Some job opportunities are given to the younger Queens based on, to me, their age, looks and not necessarily their qualifications. Again, when competing with a younger counterpart factored with today’s technology, I believe, the advantage is definitely tilted to the younger Queens. I believe the treasures we possess are invaluable to our younger Queens, as well as, the world. To dismiss our presence is to deprive the world of essential nutrients needed to survive and to thrive vibrantly and brightly as a culture. The vivaciousness of a mature woman is priceless.
When a man reaches an age of maturity they are gifted with the title of Distinguished, an honorable title? When they are in May-December relationships they are cheered and patted on the back by society, praised for capturing a good-looking acquisition and is often observed as the “norm” for older men in mid-life crisis (that was a dagger being thrown, if you didn’t recognize it, lol). But when mature women are engaged in May-December relationships they are termed Cougars and society is eagerly awaiting and betting to see how long this will last. The term Cougar isn’t complimentary. When I think of a cougar, I imagine an animal that is on the prowl for weak, vulnerable prey. This term is not something that I would aspire to or desire to be called or labeled.

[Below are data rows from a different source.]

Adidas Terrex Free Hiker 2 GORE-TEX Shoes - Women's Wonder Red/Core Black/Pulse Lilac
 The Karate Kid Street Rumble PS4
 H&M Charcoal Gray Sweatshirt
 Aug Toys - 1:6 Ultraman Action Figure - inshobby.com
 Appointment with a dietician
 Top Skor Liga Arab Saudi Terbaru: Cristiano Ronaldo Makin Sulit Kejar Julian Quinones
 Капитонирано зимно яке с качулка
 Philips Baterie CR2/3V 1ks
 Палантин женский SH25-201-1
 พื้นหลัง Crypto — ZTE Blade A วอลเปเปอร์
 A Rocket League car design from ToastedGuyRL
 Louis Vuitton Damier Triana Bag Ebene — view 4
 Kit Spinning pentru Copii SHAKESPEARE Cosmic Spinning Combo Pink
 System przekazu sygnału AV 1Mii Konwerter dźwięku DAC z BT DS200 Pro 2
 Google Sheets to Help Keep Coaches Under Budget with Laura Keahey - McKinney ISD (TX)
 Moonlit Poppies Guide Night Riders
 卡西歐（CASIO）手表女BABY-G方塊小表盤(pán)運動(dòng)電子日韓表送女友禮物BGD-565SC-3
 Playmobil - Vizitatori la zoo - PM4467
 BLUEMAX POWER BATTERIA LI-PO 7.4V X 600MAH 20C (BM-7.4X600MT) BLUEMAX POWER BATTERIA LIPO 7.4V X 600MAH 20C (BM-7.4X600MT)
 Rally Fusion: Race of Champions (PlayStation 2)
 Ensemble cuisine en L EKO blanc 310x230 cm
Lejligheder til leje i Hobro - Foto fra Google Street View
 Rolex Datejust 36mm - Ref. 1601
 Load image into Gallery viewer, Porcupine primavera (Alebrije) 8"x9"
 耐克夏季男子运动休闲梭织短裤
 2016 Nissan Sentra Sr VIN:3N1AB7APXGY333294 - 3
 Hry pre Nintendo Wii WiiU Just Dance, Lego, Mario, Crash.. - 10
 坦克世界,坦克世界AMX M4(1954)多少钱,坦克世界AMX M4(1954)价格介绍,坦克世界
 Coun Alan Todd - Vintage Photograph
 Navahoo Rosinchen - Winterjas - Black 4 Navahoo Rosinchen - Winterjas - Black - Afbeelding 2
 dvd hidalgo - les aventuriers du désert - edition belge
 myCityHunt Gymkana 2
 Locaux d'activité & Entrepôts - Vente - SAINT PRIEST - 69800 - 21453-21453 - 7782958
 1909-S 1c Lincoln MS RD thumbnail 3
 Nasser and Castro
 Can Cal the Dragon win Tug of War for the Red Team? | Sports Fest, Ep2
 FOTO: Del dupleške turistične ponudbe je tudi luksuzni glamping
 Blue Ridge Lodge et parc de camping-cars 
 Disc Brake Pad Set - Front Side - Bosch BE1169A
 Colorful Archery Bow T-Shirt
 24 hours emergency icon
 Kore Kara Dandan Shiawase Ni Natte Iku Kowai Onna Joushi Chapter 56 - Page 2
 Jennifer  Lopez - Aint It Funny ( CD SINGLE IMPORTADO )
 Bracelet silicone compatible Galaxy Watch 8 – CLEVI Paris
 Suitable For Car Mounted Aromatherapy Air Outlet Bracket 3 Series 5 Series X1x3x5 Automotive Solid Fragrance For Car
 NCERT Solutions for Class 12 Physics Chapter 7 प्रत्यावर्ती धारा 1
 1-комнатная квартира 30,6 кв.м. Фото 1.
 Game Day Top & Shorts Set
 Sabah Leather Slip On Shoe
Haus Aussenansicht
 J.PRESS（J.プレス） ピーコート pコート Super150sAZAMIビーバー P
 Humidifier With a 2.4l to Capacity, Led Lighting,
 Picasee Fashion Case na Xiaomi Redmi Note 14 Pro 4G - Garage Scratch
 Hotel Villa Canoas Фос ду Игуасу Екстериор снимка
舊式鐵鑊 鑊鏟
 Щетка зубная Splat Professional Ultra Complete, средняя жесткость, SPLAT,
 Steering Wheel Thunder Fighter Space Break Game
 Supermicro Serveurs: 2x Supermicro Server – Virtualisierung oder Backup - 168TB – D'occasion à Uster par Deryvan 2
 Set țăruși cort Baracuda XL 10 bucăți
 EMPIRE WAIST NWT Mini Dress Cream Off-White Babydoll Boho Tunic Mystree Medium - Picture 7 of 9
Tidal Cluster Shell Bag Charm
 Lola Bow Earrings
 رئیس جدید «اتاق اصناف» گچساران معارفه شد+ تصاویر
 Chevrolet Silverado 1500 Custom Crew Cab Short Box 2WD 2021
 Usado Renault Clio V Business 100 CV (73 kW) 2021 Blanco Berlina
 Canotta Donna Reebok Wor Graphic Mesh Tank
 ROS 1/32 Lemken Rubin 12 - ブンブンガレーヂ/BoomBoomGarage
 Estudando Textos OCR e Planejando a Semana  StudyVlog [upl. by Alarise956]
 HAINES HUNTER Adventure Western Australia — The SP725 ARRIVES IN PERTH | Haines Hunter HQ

This is an opportunity for open dialogue. I cherish my relations with my younger Queens. This Water Cooler Conversation has little to do with Us vs. Them. It is more to the point of a forgotten, invisible treasure that is struggling to be seen, heard, valued and respected. This is more to the point of the difficulties that we face to transition into this new Generation X culture without loosing our identity, uniqueness and the grace of our new-found coming into ourselves. Thank you, T. Marie for penning and drilling into me the analogy of the eagle. I choose not to fit in, for I am an eagle, that relish and cherish in soaring high above the rest but when you clip my wings to box me in because you are unsure of my purpose, you lose the opportunity for me to show you just how high you can go and to show you the visuals from heights that you have never imagined or fathomed before. The beauty and magnificence of eagles is to see the effortlessness of their soar as they glide through the heavens and the majestic spread of their wings. I am a woman of age, grace, and dignity. I no longer need to roar to be heard, but I whisper to draw you into my temple of serenity, tranquility, beauty, and peace.